(1.) These two appeals arise from two rent suits which were decided by one judgment. A third appeal from the same judgment has abated. The landlord is the appellant.
(2.) The facts are as follows. There was a Record-of-Rights prepared and finally published. In it the respondents were shown as the owners of separate jotes, each jote bearing a separate jama. The landlord made an application under Section 105 of the Tenancy Act for the settlement of fair rents. Then one Osman Ali put in an application under Section 106 alleging that his jote and the jotes of the respondents formed part of a parent jote, which had been held at a uniform rate of rent for so long that the holders were entitled to the presumption arising under Section 50 of the Act. The respondents did not join in that application or make similar applications, but they were made pro forma defendants. The hearing of the applications under Section 105 was stayed until the disposal of the application under Section 106, and the reason alleged by the respondents for seeking a stay was that the case under Section 106 would dispose of the question whether the rents were fixed or not and this argument, I understand, was not challenged on behalf of the landlord. The application under Section 106 was dismissed for default, but later it was revived, and it was decided eventually in favour of Osman Ali. Unfortunately between the date of its dismissal for default and the order for restoration, the applications under Section 105 were taken up, and fair rents were fixed, such rents being higher than the rents entered in the Record-of-Rights. It is for these fair rents that the present suits have been brought. The Court of appeal below has held that the plaintiff cannot recover more than the old rents. The object of the landlord's appeals is to obtain decrees for the fair rents fixed in the proceedings under Section 105 of the Act.

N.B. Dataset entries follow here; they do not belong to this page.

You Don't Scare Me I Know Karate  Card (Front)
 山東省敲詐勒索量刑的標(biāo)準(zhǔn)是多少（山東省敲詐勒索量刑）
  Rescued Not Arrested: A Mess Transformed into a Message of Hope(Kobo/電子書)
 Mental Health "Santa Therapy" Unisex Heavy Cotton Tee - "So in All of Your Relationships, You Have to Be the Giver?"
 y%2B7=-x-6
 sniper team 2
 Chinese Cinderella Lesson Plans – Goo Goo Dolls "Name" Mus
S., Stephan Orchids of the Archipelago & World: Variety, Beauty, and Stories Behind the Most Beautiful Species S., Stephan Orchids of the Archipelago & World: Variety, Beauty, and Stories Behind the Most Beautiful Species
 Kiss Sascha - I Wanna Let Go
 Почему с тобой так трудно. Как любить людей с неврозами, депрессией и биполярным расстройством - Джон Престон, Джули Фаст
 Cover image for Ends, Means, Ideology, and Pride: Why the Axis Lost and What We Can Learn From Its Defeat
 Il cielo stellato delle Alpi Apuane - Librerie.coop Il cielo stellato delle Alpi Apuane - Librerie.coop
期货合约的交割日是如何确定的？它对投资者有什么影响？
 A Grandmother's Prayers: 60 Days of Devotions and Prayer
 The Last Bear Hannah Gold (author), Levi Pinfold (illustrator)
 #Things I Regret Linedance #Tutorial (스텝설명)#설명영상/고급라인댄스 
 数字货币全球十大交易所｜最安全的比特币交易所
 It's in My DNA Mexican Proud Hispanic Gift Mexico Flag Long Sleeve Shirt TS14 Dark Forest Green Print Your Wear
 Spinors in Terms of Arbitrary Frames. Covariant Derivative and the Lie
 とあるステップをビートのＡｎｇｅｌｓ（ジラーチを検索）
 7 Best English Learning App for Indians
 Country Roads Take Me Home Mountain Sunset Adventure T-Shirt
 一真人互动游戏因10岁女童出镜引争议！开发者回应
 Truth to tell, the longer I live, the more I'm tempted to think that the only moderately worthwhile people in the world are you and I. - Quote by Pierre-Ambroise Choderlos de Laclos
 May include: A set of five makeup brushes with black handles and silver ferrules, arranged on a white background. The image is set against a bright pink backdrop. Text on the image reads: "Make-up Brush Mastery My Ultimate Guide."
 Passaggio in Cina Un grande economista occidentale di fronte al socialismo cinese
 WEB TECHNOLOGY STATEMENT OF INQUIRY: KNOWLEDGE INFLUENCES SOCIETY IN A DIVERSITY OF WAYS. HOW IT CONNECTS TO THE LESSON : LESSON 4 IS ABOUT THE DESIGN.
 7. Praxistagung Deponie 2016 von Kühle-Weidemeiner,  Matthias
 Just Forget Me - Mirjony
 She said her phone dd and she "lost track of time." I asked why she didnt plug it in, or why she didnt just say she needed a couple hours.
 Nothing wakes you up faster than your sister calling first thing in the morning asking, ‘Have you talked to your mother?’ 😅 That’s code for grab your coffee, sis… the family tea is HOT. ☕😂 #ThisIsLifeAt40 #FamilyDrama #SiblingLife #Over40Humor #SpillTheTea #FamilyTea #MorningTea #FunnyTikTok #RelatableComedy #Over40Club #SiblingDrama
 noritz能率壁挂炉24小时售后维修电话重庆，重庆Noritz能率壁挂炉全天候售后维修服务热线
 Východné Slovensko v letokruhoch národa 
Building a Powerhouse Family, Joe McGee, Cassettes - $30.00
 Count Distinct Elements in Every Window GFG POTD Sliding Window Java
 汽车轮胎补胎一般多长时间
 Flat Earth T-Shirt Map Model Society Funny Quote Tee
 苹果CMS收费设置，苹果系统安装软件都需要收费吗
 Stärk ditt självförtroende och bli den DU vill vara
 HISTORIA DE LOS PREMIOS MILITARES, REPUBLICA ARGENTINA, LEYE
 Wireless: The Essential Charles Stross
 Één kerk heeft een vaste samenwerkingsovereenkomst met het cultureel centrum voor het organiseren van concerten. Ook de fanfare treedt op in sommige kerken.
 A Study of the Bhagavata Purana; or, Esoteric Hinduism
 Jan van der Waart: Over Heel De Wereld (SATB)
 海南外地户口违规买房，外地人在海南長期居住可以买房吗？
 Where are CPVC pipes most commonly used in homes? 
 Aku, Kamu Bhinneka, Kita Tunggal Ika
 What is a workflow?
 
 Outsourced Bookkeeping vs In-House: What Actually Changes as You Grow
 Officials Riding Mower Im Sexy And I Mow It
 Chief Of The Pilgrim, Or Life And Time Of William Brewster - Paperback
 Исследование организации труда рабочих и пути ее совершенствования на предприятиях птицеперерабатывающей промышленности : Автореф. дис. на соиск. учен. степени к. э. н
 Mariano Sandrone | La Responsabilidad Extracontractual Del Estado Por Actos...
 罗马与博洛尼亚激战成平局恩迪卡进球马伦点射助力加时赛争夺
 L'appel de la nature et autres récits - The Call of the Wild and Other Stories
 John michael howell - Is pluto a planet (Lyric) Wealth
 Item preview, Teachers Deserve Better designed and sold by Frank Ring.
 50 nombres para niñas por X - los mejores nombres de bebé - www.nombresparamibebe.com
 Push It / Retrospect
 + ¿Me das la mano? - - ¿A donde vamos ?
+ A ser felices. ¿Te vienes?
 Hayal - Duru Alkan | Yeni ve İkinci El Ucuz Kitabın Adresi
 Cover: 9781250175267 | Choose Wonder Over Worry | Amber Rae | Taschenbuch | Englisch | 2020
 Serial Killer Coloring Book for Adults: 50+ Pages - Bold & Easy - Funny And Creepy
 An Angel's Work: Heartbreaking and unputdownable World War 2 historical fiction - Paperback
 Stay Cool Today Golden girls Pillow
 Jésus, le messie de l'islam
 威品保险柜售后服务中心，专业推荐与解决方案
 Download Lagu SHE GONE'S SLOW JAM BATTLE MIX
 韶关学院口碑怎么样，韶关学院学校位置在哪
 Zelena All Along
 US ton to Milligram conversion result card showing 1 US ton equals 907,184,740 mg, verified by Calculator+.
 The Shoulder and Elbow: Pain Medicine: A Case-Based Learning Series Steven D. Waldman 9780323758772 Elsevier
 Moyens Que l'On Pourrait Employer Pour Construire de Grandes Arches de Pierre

(3.) It is argued for the plaintiff that these particular respondents made no applications under Section 106, that they might have appealed against the orders settling fair rents or applied for revision, and that the Revenue Officer's decision has under Section 107 the force and effect of a decree of a Civil Court in a suit between the parties. These criticisms are correct but I think we are entitled to go below the surface to actual position taken up by the parties. To my mind it is clear that by mutual consent the question whether the rents could be enhanced or not was to be settled in Osman Ali's application: and had the Revenue Officer been apprised of the fact that steps had been taken to have that application restored he would not have proceeded with the applications under Section 105. The fact that ha was not informed is not due to any fraud on the part of the landlord or any negligence on the part of the tenants, but to the confusion which inevitably results from the immense volume of work with which a Revenue Officer has to deal. Consequently the matter should be looked at from the position which the parties would have occupied if the true facts had been made known to the Revenue Officer.